Only the stretch below from the line holding "Charles Darwin, la epopeya de una aventura" through the line holding "1FM5K7D87FG****** Destrozados 2015" should be restated, word for word and with both ends included; pictures stay out.
BEGIN Data provided
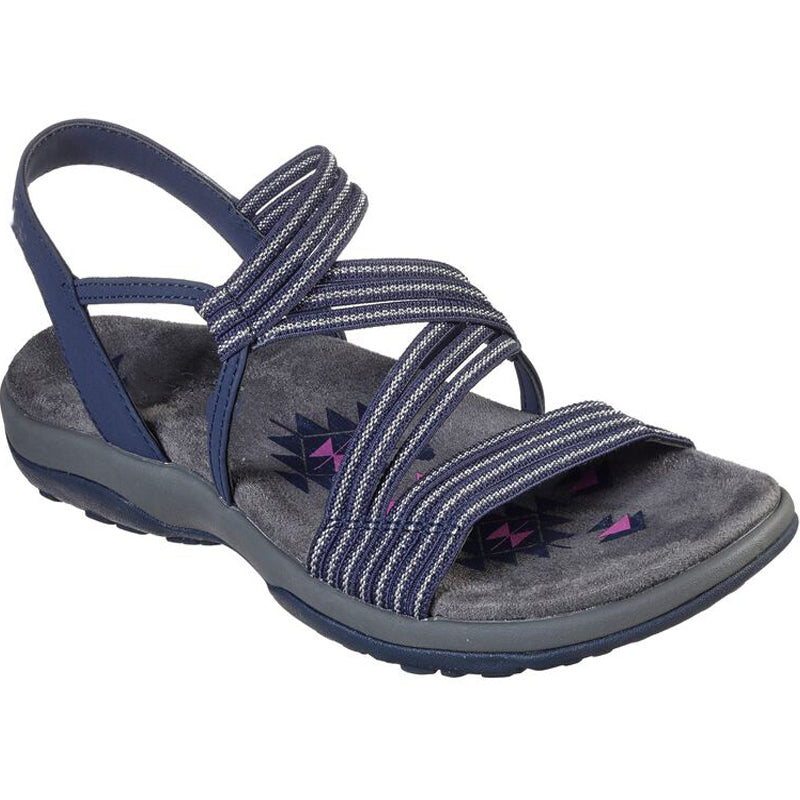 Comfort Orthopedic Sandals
END Data provided
BEGIN Data provided
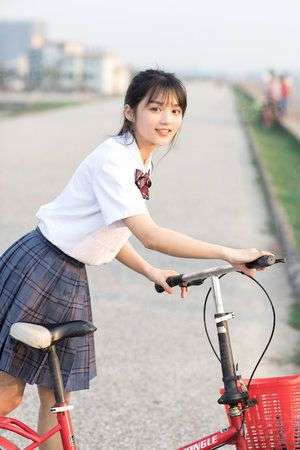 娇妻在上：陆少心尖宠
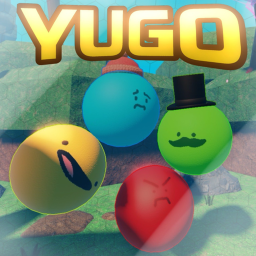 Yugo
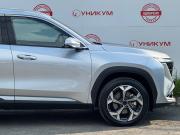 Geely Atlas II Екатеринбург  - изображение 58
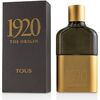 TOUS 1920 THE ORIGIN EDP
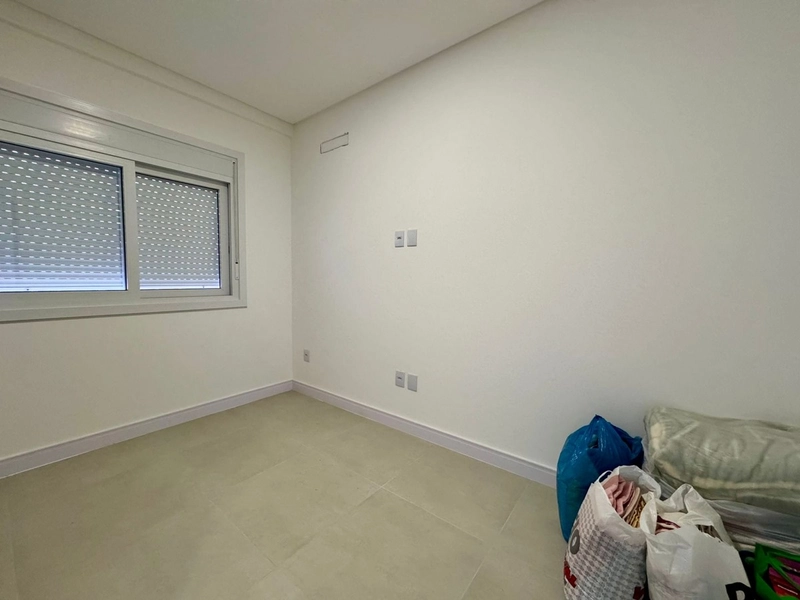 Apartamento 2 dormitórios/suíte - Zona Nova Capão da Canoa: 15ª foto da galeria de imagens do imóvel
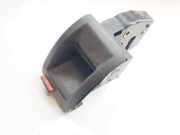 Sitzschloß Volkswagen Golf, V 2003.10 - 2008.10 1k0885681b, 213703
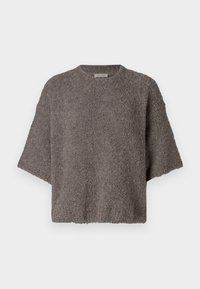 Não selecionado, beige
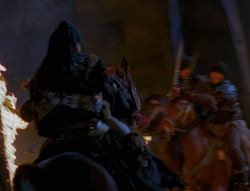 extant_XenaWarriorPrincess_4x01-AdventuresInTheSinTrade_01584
END Data provided
BEGIN Data provided
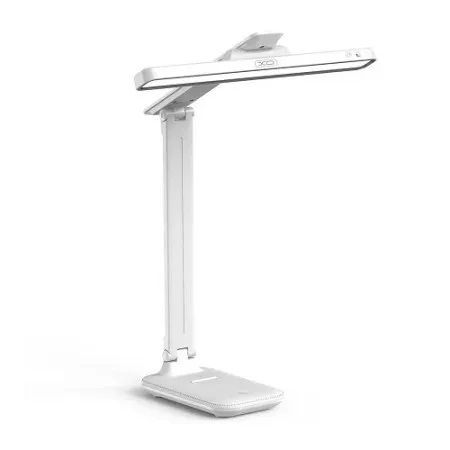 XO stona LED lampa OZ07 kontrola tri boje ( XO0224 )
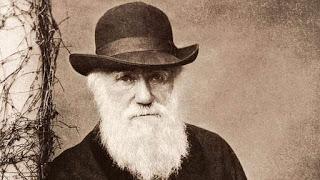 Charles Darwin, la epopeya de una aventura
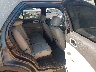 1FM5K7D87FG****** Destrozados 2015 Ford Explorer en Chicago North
END Data provided
Solved exercise →
 Charles Darwin, la epopeya de una aventura
 1FM5K7D87FG****** Destrozados 2015 Ford Explorer en Chicago North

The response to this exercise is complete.